Contrary to accepted doctrine, we have no grounds for regarding so-called economic liberties as less important or less worthy of protection than so-called personal, or civil, liberties. That’s because we have no essential grounds for distinguishing so-called economic ends from so-called personal ends. (Let’s dispense with the “so-called” qualifier for the sake of fluency.)
Each of us pursues ends, full stop. Our ends vary widely in content and time required for accomplishment. Some are achieved quickly; others require prolonged effort and can be called projects. Some directly involve money-making; others don’t. What could be more personal than deciding how to earn a living? Why should the sort of end sought matter to the discussion of liberty?
Ends imply action, purposeful behavior. The laws and logic of human action — praxeology, Ludwig von Mises called it — thus apply to all action (the word purposeful is redundant) no matter what is sought and by whom, whether it’s Jeff Bezos or whoever succeeded Mother Teresa. The involvement of money is irrelevant. Ends, means, costs (opportunities forgone), profit, loss, and time (explicit or implicit interest) are all relevant concepts regardless of the ends we seek. As the British economist Philip Wicksteed put it, “The general principles which regulate our conduct in business are identical with those which regulate our deliberations, our selections between alternatives, and our decisions, in all other branches of life.”
Economics as an important discipline, Thomas Sowell emphasizes, is a way to analyze action, no matter its objective. It is how we understand the unplanned social consequences and institutions — property, markets, money, prices, and so on — that unfold when diverse people with divergent personal preferences aim at objectives using scarce resources that could be used in multiple ways. It’s the study of the social cooperation that emerges among widely dispersed strangers as an unintended byproduct of individuals’ pursuit of happiness. It’s not the particular objective that makes an activity “economic.” It’s an aspect of human action in itself.
Nevertheless, it is common in government offices and many people’s minds to rank economic liberty below personal liberty. Samuel Johnson said, “There are few ways in which a man can be more innocently employed than in getting money,” but many disagree.
An infamous footnote in a New Deal-era Supreme Court decision, which upheld a federal ban on interstate trade in filled milk, formalized and reinforced the ominous distinction between economic and personal liberty, which had replaced an earlier more fully pro-liberty view. The footnote seemed to say that while the government probably can’t interfere with, for example, the exercise of religion or expression, it probably can interfere with the exercise of commerce and manufacturing. In the latter activities only, the government should be allowed great leeway to interfere.
Opponents of the free market (translation: opponents of the market) say that what distinguishes the two categories is that economic activity affects other people in important ways. That cannot be sustained because virtually all actions and abstentions affect other people in myriad important ways, some positive and some negative. Someone’s choice of religion, artistic expression, or political speech might bother (metaphorically harm) others. Personal liberty might offend and hurt someone’s feelings. But we wouldn’t want the government to regulate that, would we?

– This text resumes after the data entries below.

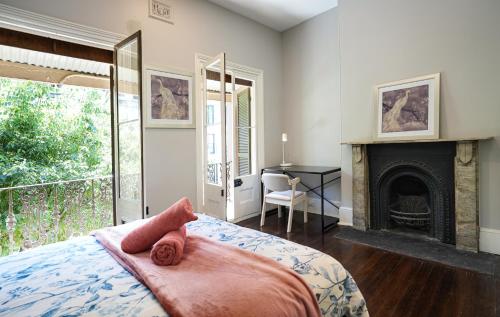 a bedroom with a bed with a fireplace and a desk at Kent Terrace in Sydney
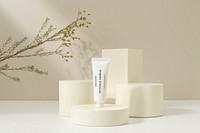 Hand cream tube, beauty product packaging, beige product podiums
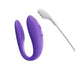Purple We-Vibe Sync Go couples vibrator with white magnetic charging cable on white background.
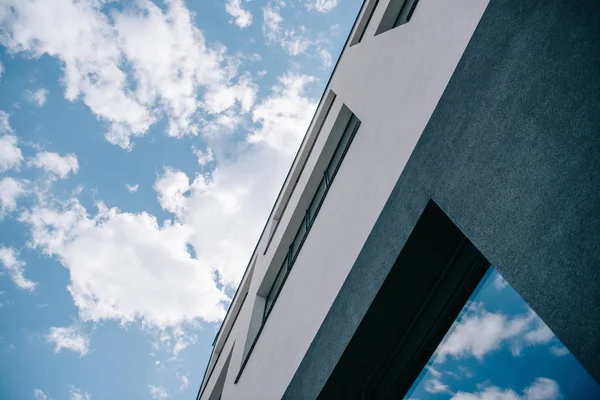 Vista de ángulo bajo del edificio contra el cielo azul brillante nublado - foto de stock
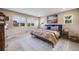 Comfortable bedroom with large windows, neutral paint, and a stylish area rug at 14384 Big Stone Dr, Parker, CO 80134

Lately, some people have realized that the exercise of traditionally protected civil liberties can negatively affect others as much as, if not more than, commercial activities can. Unfortunately, they advocate extending government power to the former rather than withdrawing it from the latter.
The matter of speech and expression demonstrates the artificiality of the division between economic and personal activities. People often engage in artistic activities and political speech in part to make money. It’s both commerce and expression. Which liberty category should it go into?
We can take this further. Commerce is expression. Sellers ask prices and buyers bid them. That’s communication. Adam Smith said, “The offering of a shilling, which to us appears to have so plain and simple a meaning, is in reality offering an argument to persuade one to do so and so as it is for his interest.” Sellers and buyers can’t compel, so they must try to persuade; each can say no. Since competitors are also free to ask and bid — that is, make counterarguments — dissatisfied sellers and buyers have alternatives. Where freedom reigns, the potential for competition keeps market participants on their toes. (If the government restricts entry to assist its cronies, that is the activity that must be stopped.)
Further, as arguments, prices function as signals — messages — indicating to everyone the state of supply and demand. This facilitates the coordination — cooperation– of countless people as they pursue their disparate projects. It is a mass communications network, spontaneous and undesigned. Government interference with the price system should be struck down as a First Amendment violation.
Why, then, is potentially violent political intervention defended according to inessential distinctions? No good grounds are offered. All interventions should be opposed. If A and B agree on terms for the sale of goods or services, including wages, it’s no one else’s business. Minimum-wage laws, price controls, rent caps, land-use restrictions, occupational licensing, patents and copyrights, government-enforced union rules, etc. all have to go.